6
The probe relies on the wire below the liquid surface being more efficiently cooled than
that in the gas above the liquid. Thus the Joule heating of the resistive section of the
wire is sufficient to keep this above its critical temperature where it is in gas but not
where it is in liquid. To maintain this situation requires the correct value of current in the
wire. The graph accompanying the probe drawing at the end of this manual shows how
this current varies as a function of the temperature of the liquid in the reservoir. With no
current in the wire, the entire length will become superconducting. It is therefore
necessary to include a small heater resistor in thermal contact with the top of the wire to
drive the top end of the wire into its resistive state. Provided the current in the wire is
sufficient this resistive region will then propagate down the wire to the liquid surface.
When current has been flowing for sufficient time to ensure that the resistive region has
reached the liquid, the voltage across the wire is measured and will be directly
proportional to the length of wire in gas, from which the liquid level may be calculated.
When the measurement has been made, the current through the wire is turned off and
the measured reading displayed.
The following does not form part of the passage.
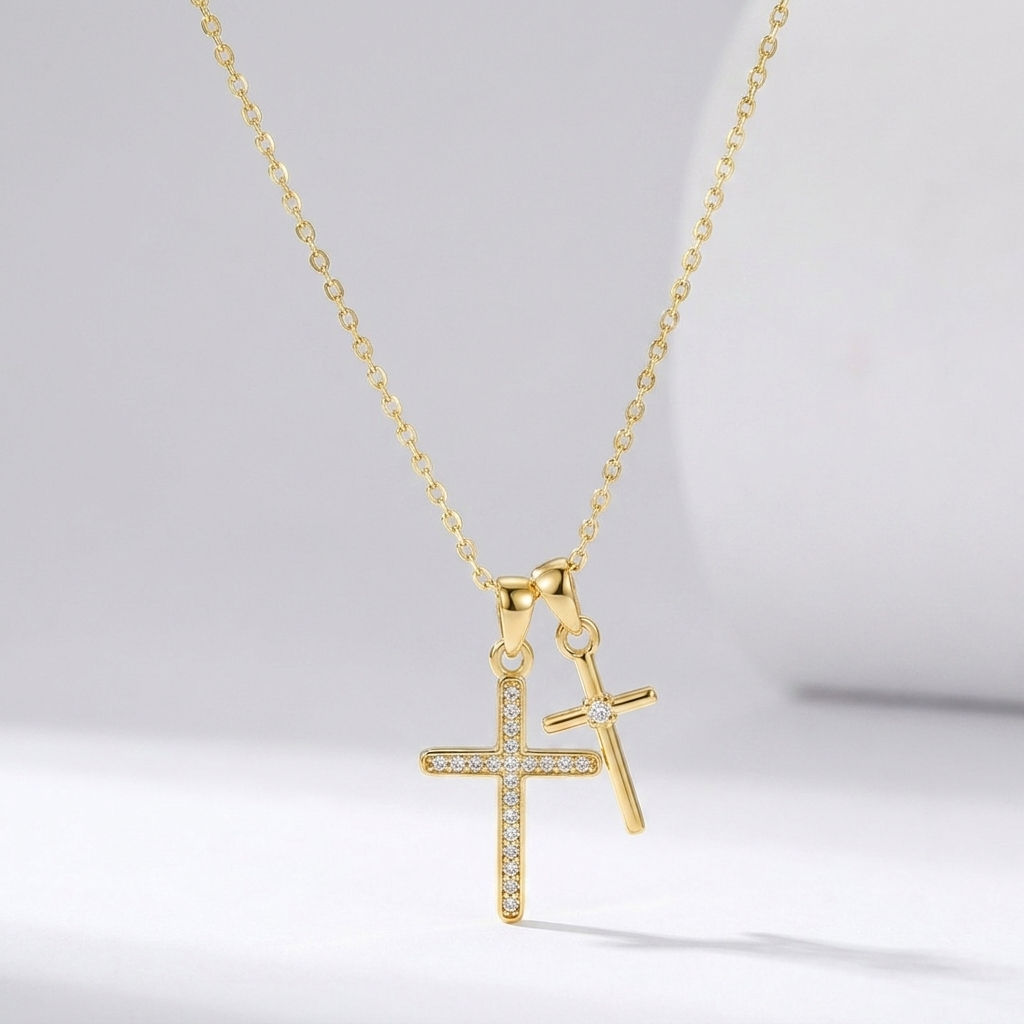 Camille Double Cross Necklace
The process is repeated at intervals varying from a few
seconds to a few hours, depending upon the expected rate of change in the level.
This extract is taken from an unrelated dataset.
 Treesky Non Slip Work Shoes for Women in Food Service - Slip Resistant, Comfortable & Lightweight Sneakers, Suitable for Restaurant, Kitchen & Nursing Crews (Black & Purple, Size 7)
The maximum probe length that can be measured, depends upon the resistivity of the
probe wire. Prior to firmware version 1.08, ILM was designed to handle the standard
Oxford Instruments probe wire, with a typical resistivity of 178 ohms/metre. Since version
1.08 this parameter may be adjusted up to a maximum value of 200 ohms/metre. There
are now two types of wire in use:. For probes up to 1.4m active length, the standard wire
is nominally 166 ohms/metre and operates at a current of 130mA. For probes up to 2m
active length, a thicker wire is used, with a nominal resistivity of 61.2 ohms/metre,
operating at a current of 250mA.
1.3.2
Nitrogen Level Probe
The nitrogen probe is constructed of two concentric stainless steel tubes. The annular
space between these acts as a capacitor with the dielectric consisting of liquid or gaseous
nitrogen. Liquid nitrogen has a relative permittivity of 1.45, so that the capacitance
increases by around 45% for the portion of the probe that is in liquid. The probe head
incorporates an oscillator, which uses the probe capacitance to define its period. Hence
the oscillation frequency may be used as an indicator of liquid level. There are no
adjustments in the probe head for ILM. The working range of the oscillator (5 kHz to 65
kHz) can handle the full range of probe lengths up to 2 metres.
1.3.3
Why Two Different Sensing Methods Are Used
The capacitance method cannot be used routinely for liquid helium. (It can be used for
certain specialised applications where the reservoir is strictly isothermal.) The relative
permittivity of liquid helium is only 1.055, which is close to the figure for cold helium gas
at 4.2K. Thus the probe would be more responsive to temperature gradients within the
gas above the liquid surface, than to the position of the surface.
With modern high-Tc superconductors, it is possible to make a superconductive nitrogen
probe. However this would be much less robust than the capacitive probe, which works
well for nitrogen. Hence ILM uses the most appropriate sensing technique for each
cryogen. By allowing ILM to accept inputs from either type of probe, there is no cost
penalty in using two different sensing methods.